● Work item: Only the text of the entries below should be returned, exactly as given, without pictures.

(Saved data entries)
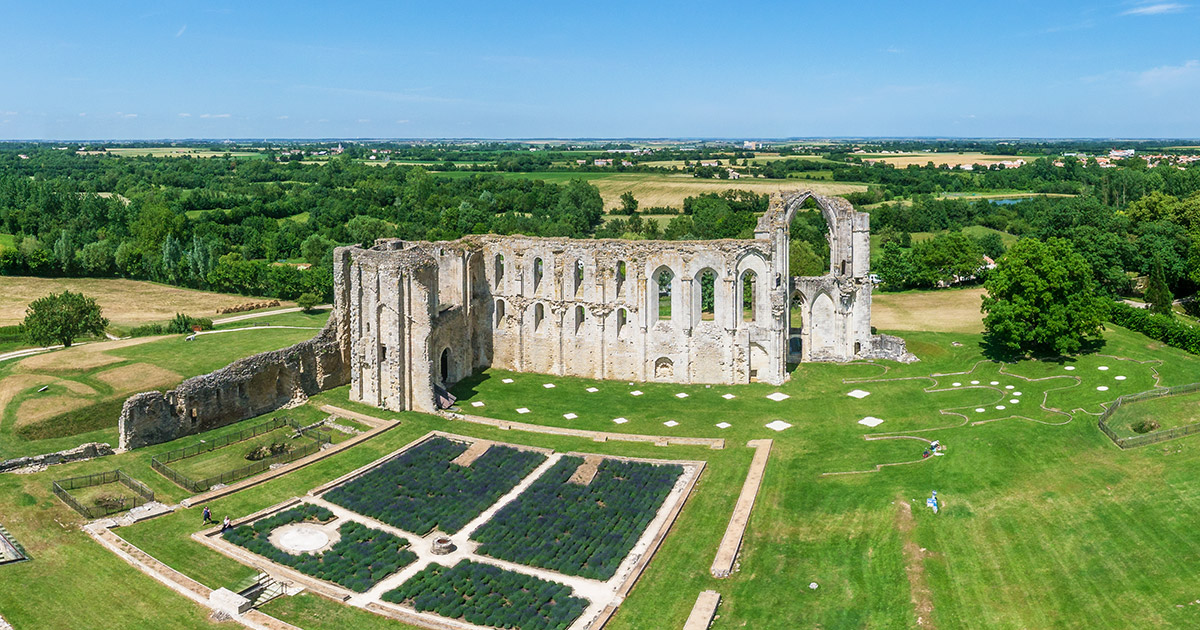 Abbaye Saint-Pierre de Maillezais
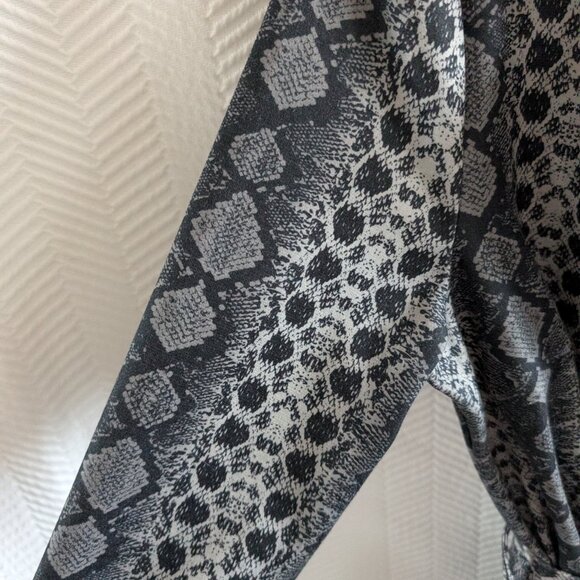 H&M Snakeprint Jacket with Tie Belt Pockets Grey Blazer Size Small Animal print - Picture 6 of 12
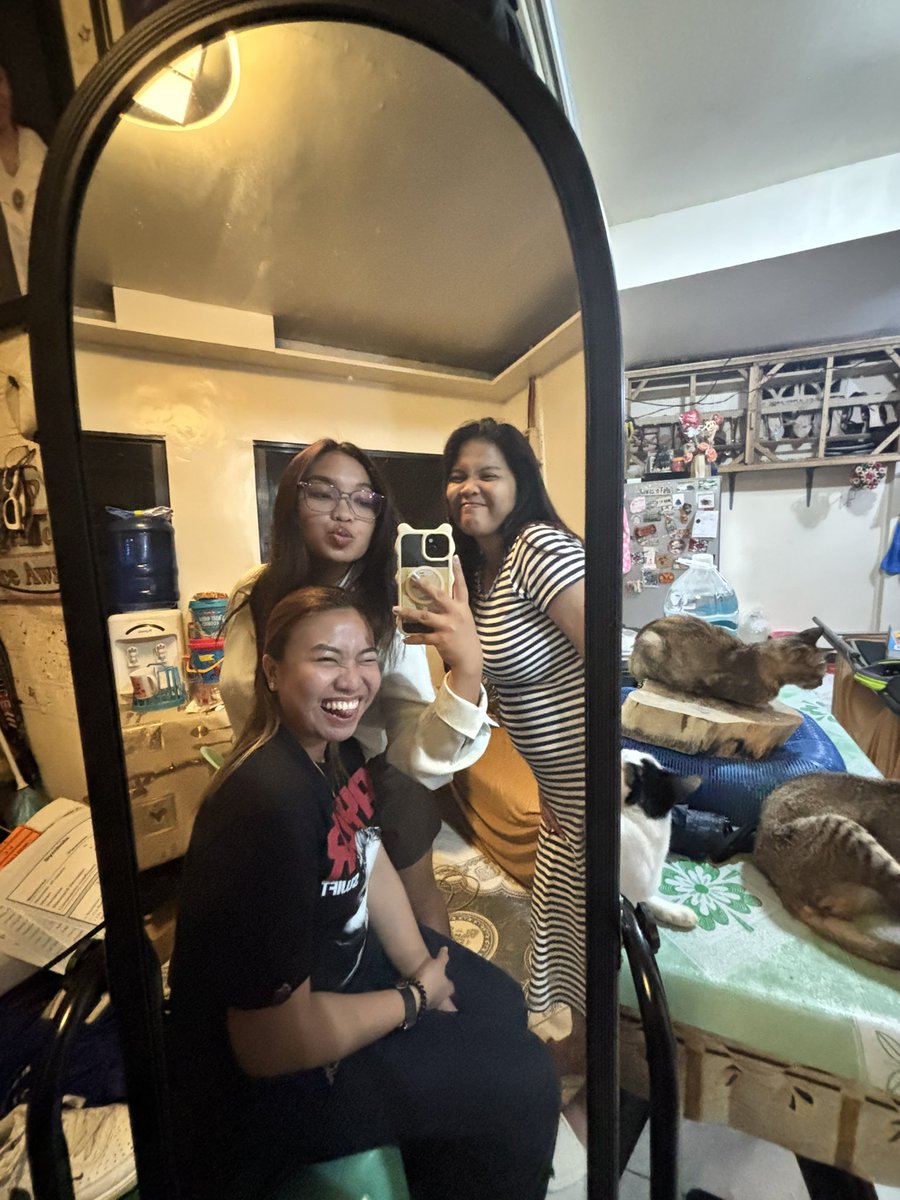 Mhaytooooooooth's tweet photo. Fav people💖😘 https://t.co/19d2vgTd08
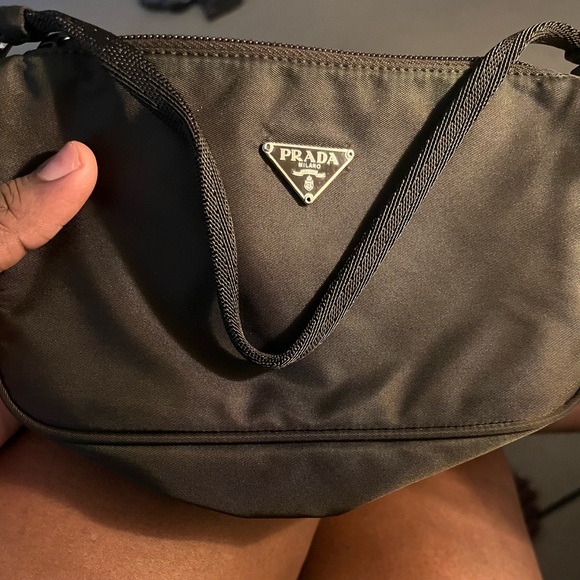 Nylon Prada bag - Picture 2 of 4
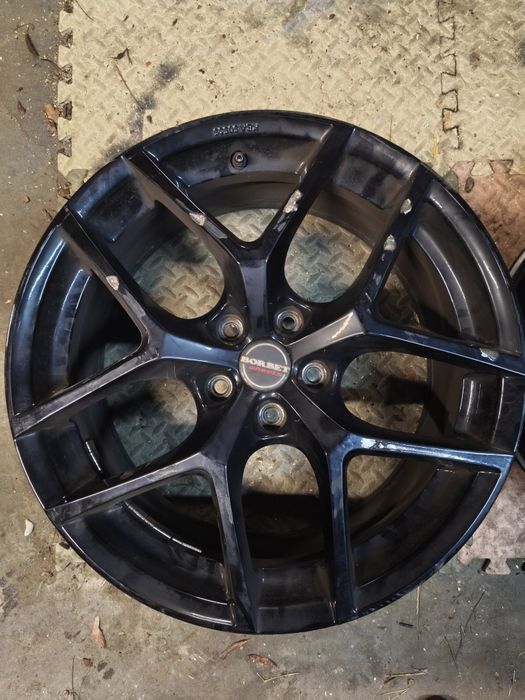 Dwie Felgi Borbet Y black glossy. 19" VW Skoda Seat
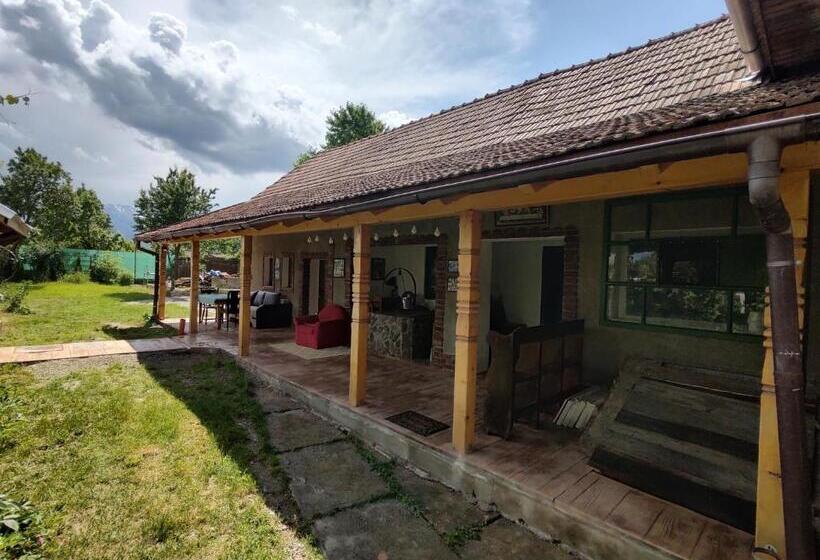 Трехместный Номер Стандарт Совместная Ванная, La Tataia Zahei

● Solution for this task:
 Abbaye Saint-Pierre de Maillezais
 H&M Snakeprint Jacket with Tie Belt Pockets Grey Blazer Size Small Animal print - Picture 6 of 12
 Mhaytooooooooth's tweet photo. Fav people💖😘 https://t.co/19d2vgTd08
 Nylon Prada bag - Picture 2 of 4
 Dwie Felgi Borbet Y black glossy. 19" VW Skoda Seat
 Трехместный Номер Стандарт Совместная Ванная, La Tataia Zahei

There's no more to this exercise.